Mahmud dengan gembira berbagi cerita seputar karya fotonya. Dengan kamera yang dipinjamkan oleh gurunya fotografer lokal Chris Bunjamin, Mahmud berkeliling di jalanan Jakarta untuk memotret sejumlah momen. “Saya suka memotret panorama,” kata Mahmud. Pemuda berusia 17 tahun ini belajar fotografi dari gurunya di Roshan Learning Center, sebuah program komunitas untuk pemberdayaan pengungsi melalui pendidikan.
Ia memotret bagaimana penduduk Jakarta memanfaatkan area publik di tengah kepadatan ibukota. Foto pertama menggambarkan pot tanaman yang terbuat dari plastik botol bekas, sementara foto kedua menggambarkan baju yang dijemur pada gantungan di sebuah gang. Di foto ketiga, Mahmud memotret pedagang buah yang menggunakan sepedanya untuk menjual buah.

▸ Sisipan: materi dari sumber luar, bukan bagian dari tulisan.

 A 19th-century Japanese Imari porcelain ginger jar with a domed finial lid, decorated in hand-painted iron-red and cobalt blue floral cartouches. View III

Pengungsi lain, Sasa, 12, juga merasa tersanjung melihat lukisannya dipajang di pameran tersebut. Melalui salah satu lukisan, ia berbagi impiannya menjadi dokter. “Saya ingin jadi jadi dokter agar bisa membantu orang lain,” kata Sasa. Lukisan yang lain adalah mata yang menangis yang menggambarkan kesedihannya sebagai pengungsi. “Ini menggambarkan pengungsi yang ada di Indonesia,” ujarnya sembari menambahkan bahwa ia ingin tinggal di negara manapun yang aman baginya dan bagi keluarganya. Pada gambar ketiga, ia menggambarkan konflik yang sedang terjadi di Afghanistan, keadaan di Indonesia dan reunifikasi keluarga di Australia.

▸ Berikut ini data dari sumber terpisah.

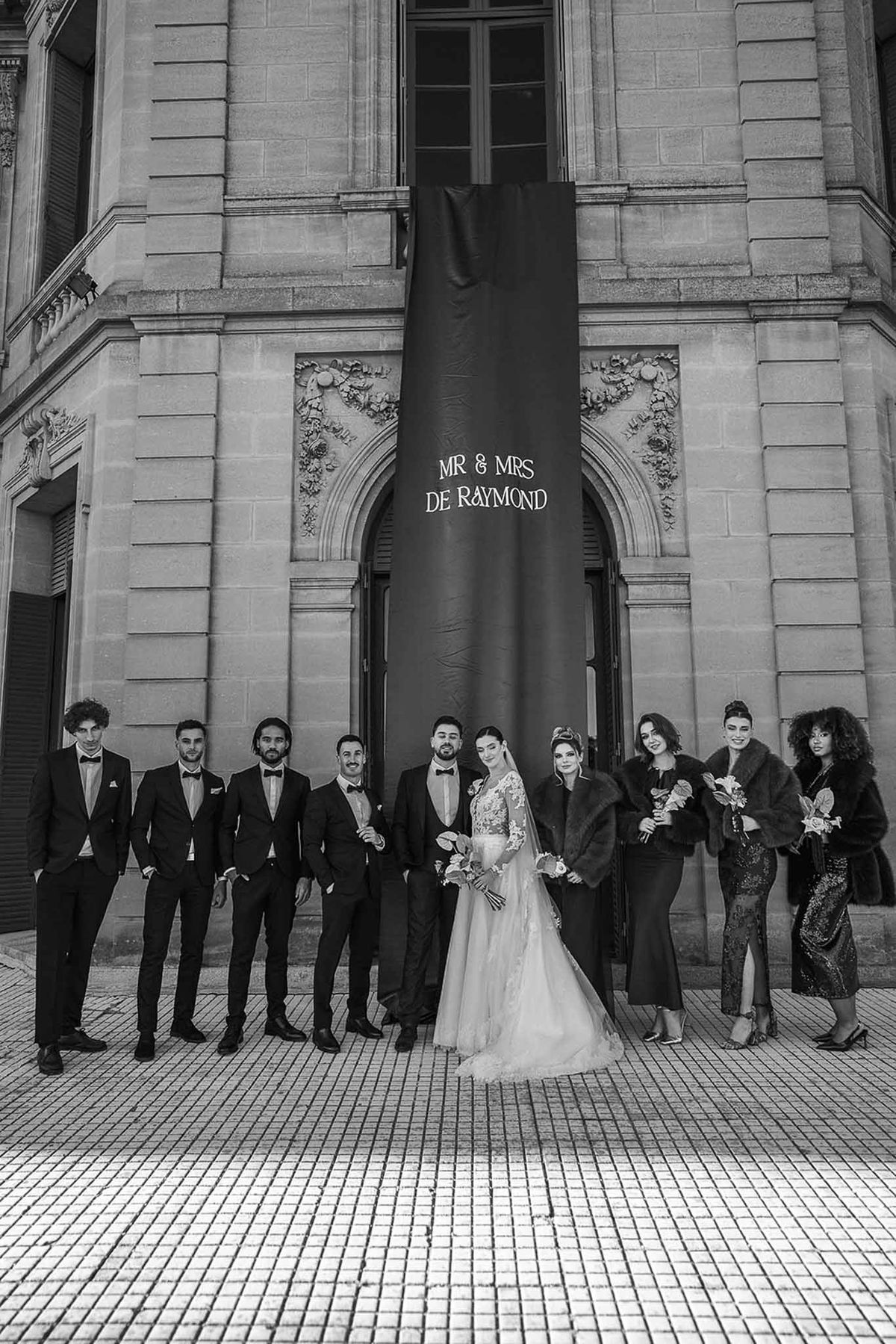 Black and white bridal party portrait at Chateau du Terral facade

Pendiri AfR Katrina Wardhana adalah sosok yang menyenggarakan pameran tersebut. Ia telah bekerja tanpa kenal lelah untuk memberdayakan pengungsi melalui seni dengan mengajari mereka melukis, memahat dan fotografi, sehingga mereka bisa mengekspresikan kisah-kisah mereka. Katrina percaya bahwa seni dapat memberikan pelipur lara bagi para pengungsi yang dapat meringankan beban mereka dari trauma, kecemasan, ketegangan atau depresi yang telah mereka lalui.
“Tujuan dari Pameran Berdiam/Bertandang ini tidak hanya untuk menunjukkan bakat para pengungsi, melainkan juga meningkatkan kesadaran di antara masyarakat Indonesia mengenai permasalahan pengungsi di Indonesia,” ujar Katrina. “Dengan berbagi cerita melalui seni, kami berharap masyarakat bisa melihat dunia melalui mata pengungsi,” lanjutnya.

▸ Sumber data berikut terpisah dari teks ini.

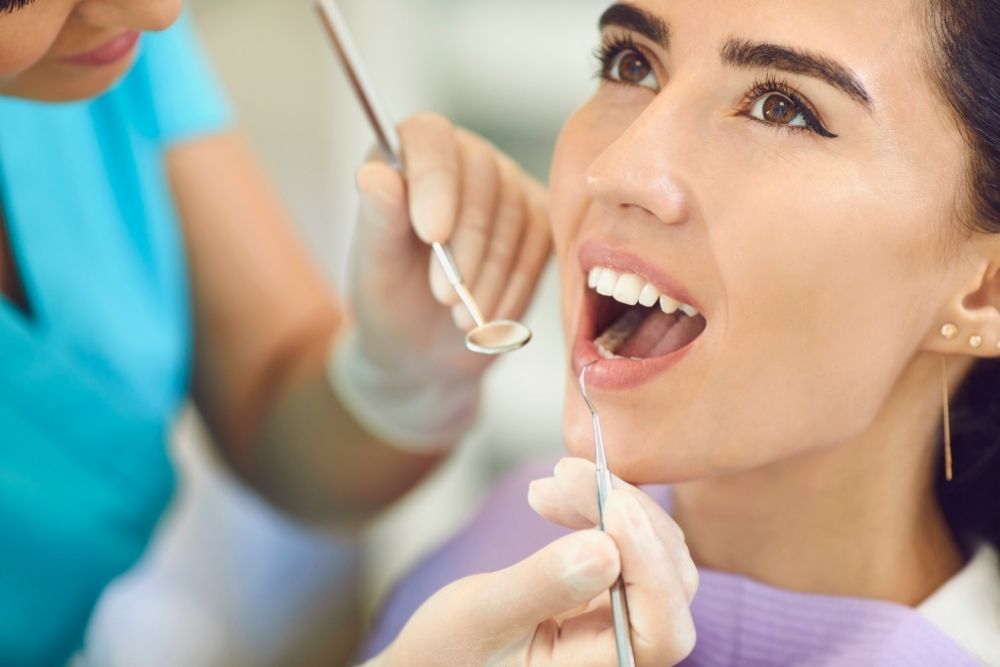 Woman at dentist with mouth open; tools held by gloved hands.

Katrina lalu mengundang Chris untuk mengajarkan fotografi pada pengungsi muda. Mengajar pengungsi muda adalah hal yang baru bagi Chris. “Mereka [pengungsi] memiliki harapan. Mereka punya semangat. Saya ingin berbagi ketrampilan dan pengetahuan untuk bekal masa depan mereka,” kata Chris, yang juga memamerkan karyanya di pameran tersebut. “Anak-anak ini bisa menciptakan karya yang tidak kita lihat sebelumnya. Padangan-pandangan baru dari anak-anak yang sudah melewati banyak perjuangan dalam hidup mereka dan mereka sangat kreatif sekali. Saya sangat bangga dengan murid-murid saya,” tambahnya.
Seniman dan kurator pameran, Alia Swastika, juga memuji karya-karya para pengungsi. Sebagai pendatang baru di negara ini, misalnya, para pengungsi muda bisa melihat sisi lain dan keunikan dari Jakarta. Hal menarik lainnya, ujarnya, bagaimana mereka menghubungkan memori masa lalu mereka dari tempat yang ditinggalkan dan menggabungkannya dengan Jakarta.
Para seniman Indonesia yang berpartisipasi dalam pameran ini juga mendorong seniman lain untuk mendukung pengungsi di negara ini. “Saya mengundang teman-teman kreatif untuk memberikan bekal mereka ke depannya. Saya ingin masyarakat lebih aware dengan keadaan anak-anak ini karena mereka sama seperti kita semua,” ujar Chris.
*Nama-nama pengungsi dalam artikel ini telah diubah.